Participating in sport couldn’t be easier, with 1,500 members of the Sports Union, which has almost 50 different clubs where you can meet new people and enjoy your sport of choice.
If performance sport is your focus, then our International Sports Scholarship Programme (ISSP) or national scholarship programme Winning Students could provide you with the funding and flexibility to compete at the highest level.
Sport and Exercise Science offers a breadth of study across two Schools. Teaching is delivered by experts in their field and enhanced by cutting edge knowledge from our researchers.
Further investment in sport, health and exercise laboratories means students can develop their skills within a world-class environment.
- Scotland’s University for Sporting Excellence
- 1st in Scotland for sports research (most recent Research Assessment Exercise)
- 1st in Scotland for Sport and Education (The Times Good University Guide, 2012, and The Complete University Guide, 2012)
This course is delivered jointly by the School of Sport and by the School of Natural Sciences, bringing the expertise of both to ensure an unrivalled student experience.
All courses are delivered by experts in their varied fields and the course content is shaped by the latest research.
A major benefit of the School of Sport is its integrated nature, with both academic courses and a sports development service, which manages a suite of world-class sports facilities, working together.
Stirling has recently invested in state-of-the-art sport, health and exercise science facilities and our research staff are leaders in their field.
Students are able to tap into the staff expertise which spans across a wide variety of sport and exercise science subjects.
Research and teaching staff work side-by-side, sharing their knowledge with one another and imparting this knowledge to students through seminars and lectures.
This ensures students develop a wide skills-set, developing scientific enquiry and critical evaluation, essential in the modern workplace.
I play international football for Scotland and made the move to Stirling to be part of the Scottish FA Performance Centre, on campus.

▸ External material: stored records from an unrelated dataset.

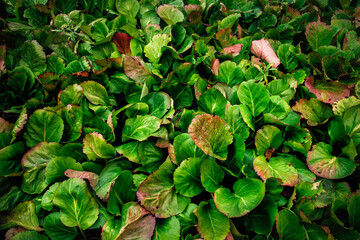 The bright green purple leaves close up of garden plants. Green herbal nature background of autumn...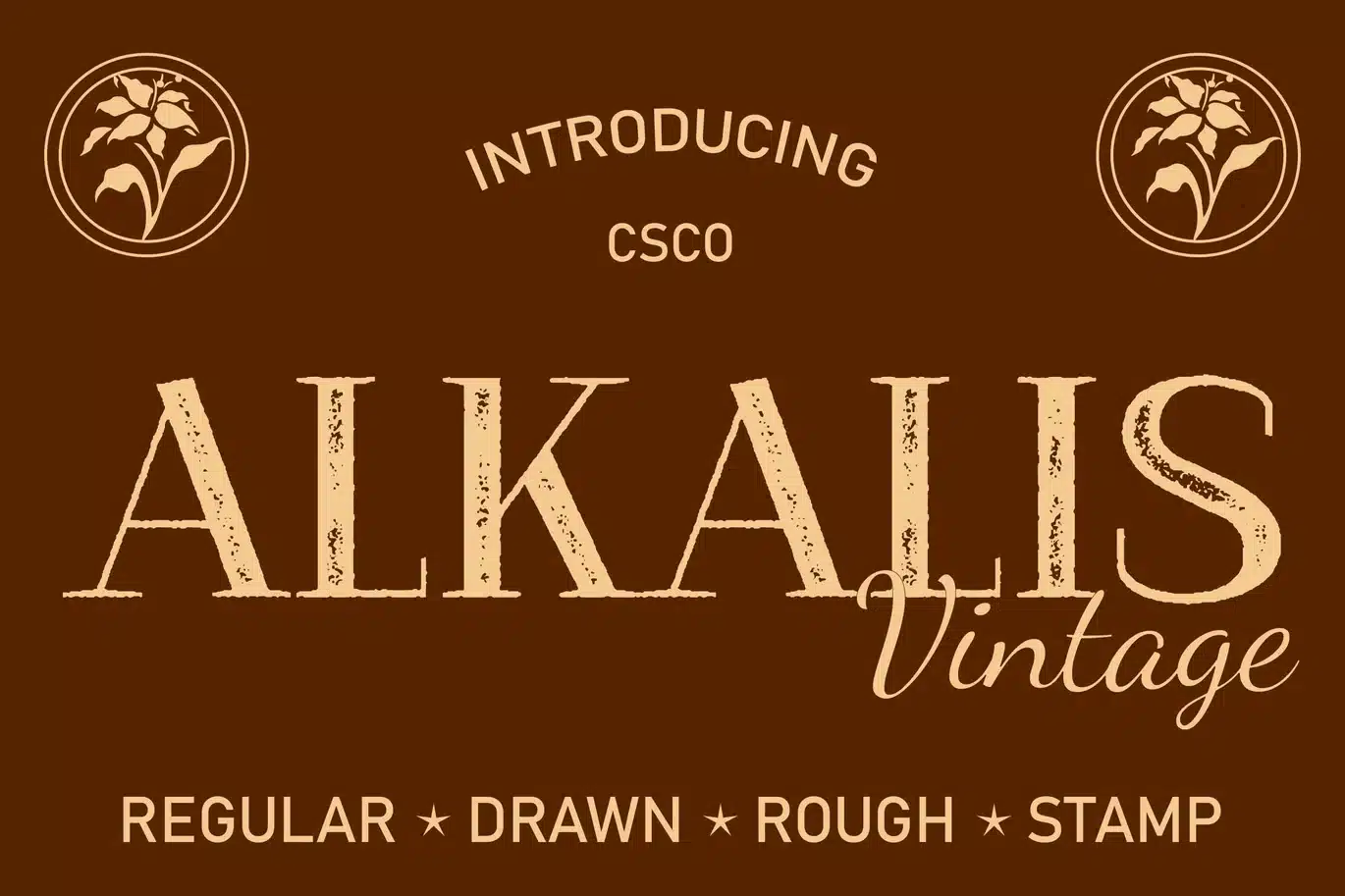 Alkalis Vintage Font font preview
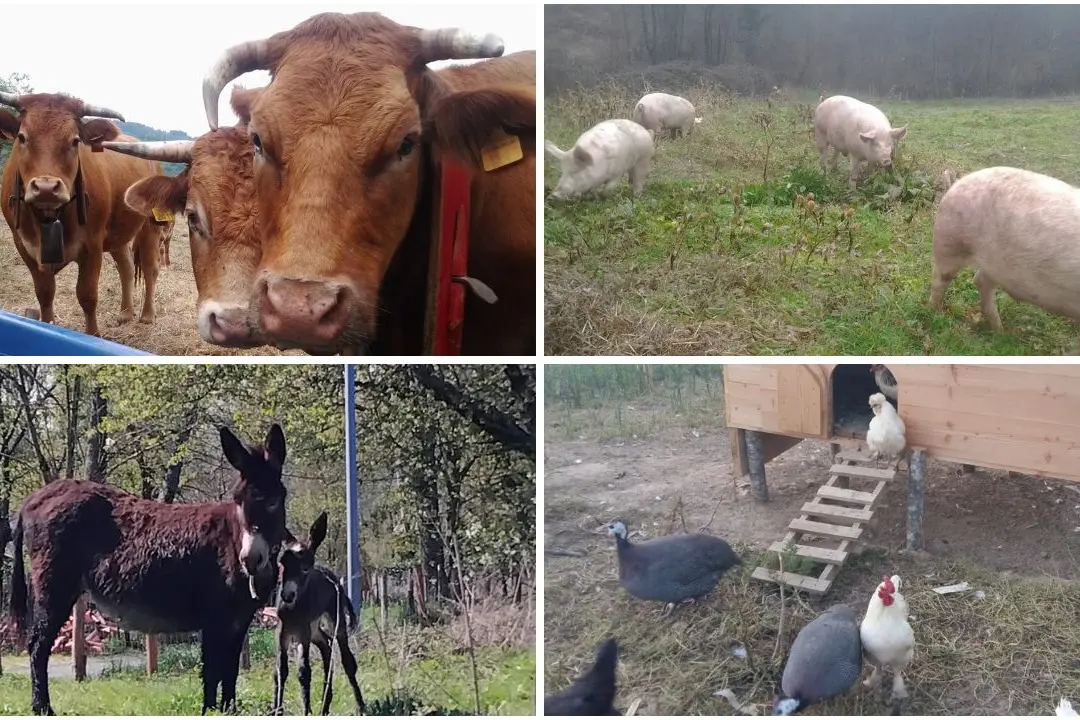 Nasce “Natura Carne”, la nuova filiera corta che valorizza le carni calabresi e il lavoro degli allevatori\n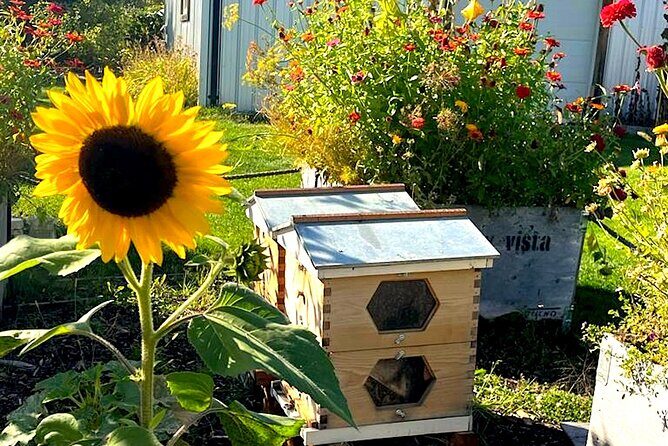 Kelowna E-Bike Bee Tour, Tastings, Organic Lunch & Audio Guide - Additional Notes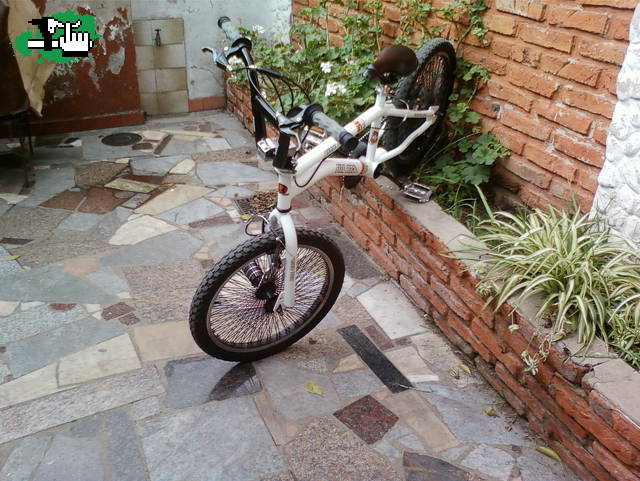 Bmx Fire Bird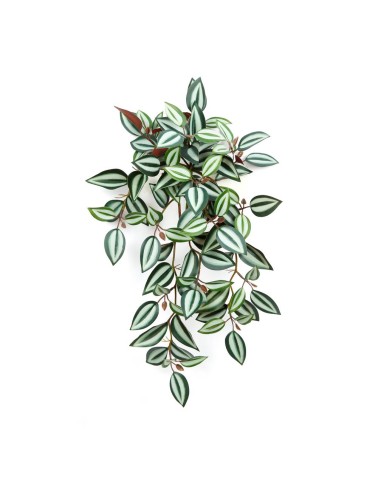 Tradescantia x24 Zebrina 34 cmartificiel plante ignifuge anti-feu vegetal shop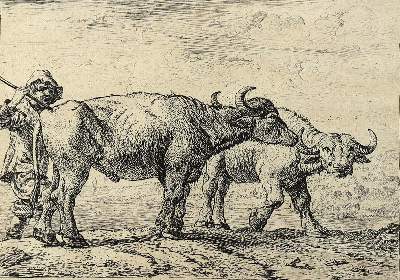 Bild Nr.2: 128-4391 Laer, Pieter van: (Künstlergraphik)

I really enjoyed studying Sport, Health and Exercise Science. It’s good because I’m an athlete as well and it’s helped me learn a lot of things about aspects like nutrition and how the body works. You can then go into further research, do applied sports science or even take another route and go into something like teaching.
I’m now continuing at Stirling doing an MPhil Sports Studies. Hopefully I will be able to research the effects of dehydration on athletes, specifically considering if body composition has any influence on this.
I love Stirling as it’s a sporting university – there are athletes and people who want to do sport for fun all together. The lecturers are brilliant and have a great knowledge and enthusiasm for their topics which rubs off on you. I’ve always found the lab work really interesting and that’s what convinced me to stay on and do further research.
Image ©Scottish FA
Jane Ross BSc (Hons) Sport and Exercise Science, graduated 2011.
Dr Whalley is Director of Learning and Teaching for Biological and Environmental Sciences in the School of Natural Sciences.
He has a BSc Biochemistry and a PhD Cellular Physiology and his main area of expertise is in cell signalling and membrane cell biology.
Careers in the sport sector account for around three percent of all jobs in Scotland according to a recent study by Cambridge Econometrics. This is set to increase even further with major sporting events, including the Glasgow 2014 Commonwealth Games and the Ryder Cup 2014 providing a number of exciting opportunities for well qualified students.
Graduates have gone on to postgraduate study, research, jobs in the sport and leisure sector such as in sports development, sports science support of athletes, health and fitness monitoring, physical activity promotion, and coaching, as well as into the teaching profession and other disciplines such as physiotherapy.
Employers who have benefitted from Stirling graduate expertise include local authorities, commercial and voluntary sport organisations and governing bodies of sport.